Optimization Method with Momentum - ADAM

This post is a summary of Professor Andrew Ng’s lecture and discusses the use of the ADAM optimizer in deep learning training algorithms, instead of Gradient Descent, which is recommended in many tutorials using Python libraries.

We will explore why ADAM is recommended over Gradient Descent in most literature and what advantages it offers.

Prerequisites

To understand this post, it is recommended to have knowledge of the following:

Gradient Descent

The Problem with Gradient Descent

When using Gradient Descent to minimize a cost function (or error), the convergence rate can sometimes be very slow.

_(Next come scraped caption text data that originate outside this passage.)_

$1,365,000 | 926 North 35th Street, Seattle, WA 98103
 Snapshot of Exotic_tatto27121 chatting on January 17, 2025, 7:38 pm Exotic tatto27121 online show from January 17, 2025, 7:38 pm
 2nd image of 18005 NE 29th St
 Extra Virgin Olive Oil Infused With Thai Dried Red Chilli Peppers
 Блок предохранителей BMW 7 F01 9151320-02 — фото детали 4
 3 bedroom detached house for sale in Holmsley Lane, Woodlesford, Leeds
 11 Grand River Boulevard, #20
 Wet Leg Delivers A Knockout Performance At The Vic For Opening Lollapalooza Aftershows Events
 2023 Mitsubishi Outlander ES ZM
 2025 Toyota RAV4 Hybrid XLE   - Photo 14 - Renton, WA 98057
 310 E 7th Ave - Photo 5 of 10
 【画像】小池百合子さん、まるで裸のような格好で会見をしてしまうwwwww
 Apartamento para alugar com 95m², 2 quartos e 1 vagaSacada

In some cases, increasing the step size (or learning rate) can speed up convergence, but in other cases, slow convergence occurs due to the nature of the cost function, which causes oscillation around certain parameters, as shown in Figure 1 below. In such cases, it is often necessary to wait, even if the learning rate is slow, as improper adjustments can cause the cost function to diverge.

(In Figure 1, the parameter “b” is oscillating and gradually converging to the minimum value.)

Figure 1. Convergence around a specific parameter while minimizing the cost function

The reason why oscillations occur in the cost function is that the concept of gradient itself creates a vector in a direction perpendicular to the contour line.

Therefore, considering this characteristic, what we want to achieve can be summarized as converging slowly in the vertical direction and quickly in the horizontal direction, as shown in Figure 1.

Figure 2. The desired convergence path

Gradient Descent with Momentum

The Gradient Descent with Momentum, which introduces the concept of momentum, can be described as an update method that gradually reduces the amount of change in the direction of updating when the path taken during iterations keeps changing direction, and adds acceleration when the direction is maintained.

This method is called Momentum, and let’s first look at the algorithm through pseudo-code.

Assume that the model has two parameters, $W$ and $b$, and the subscript $(t)$ indicates that it was calculated in the $t$th iteration.

[Momentum Algorithm]

Initialize $V_{dw(0)} = \vec 0$, $V_{db(0)} = \vec 0$

(Here, the dimensions of $V_{dw(0)}$ and $V_{db(0)}$ are the same as those of $W$ and $b$, respectively.)

At the $t$th iteration:

$\quad$ Calculate $dW_{(t)}$ and $db_{(t)}$ for the current batch.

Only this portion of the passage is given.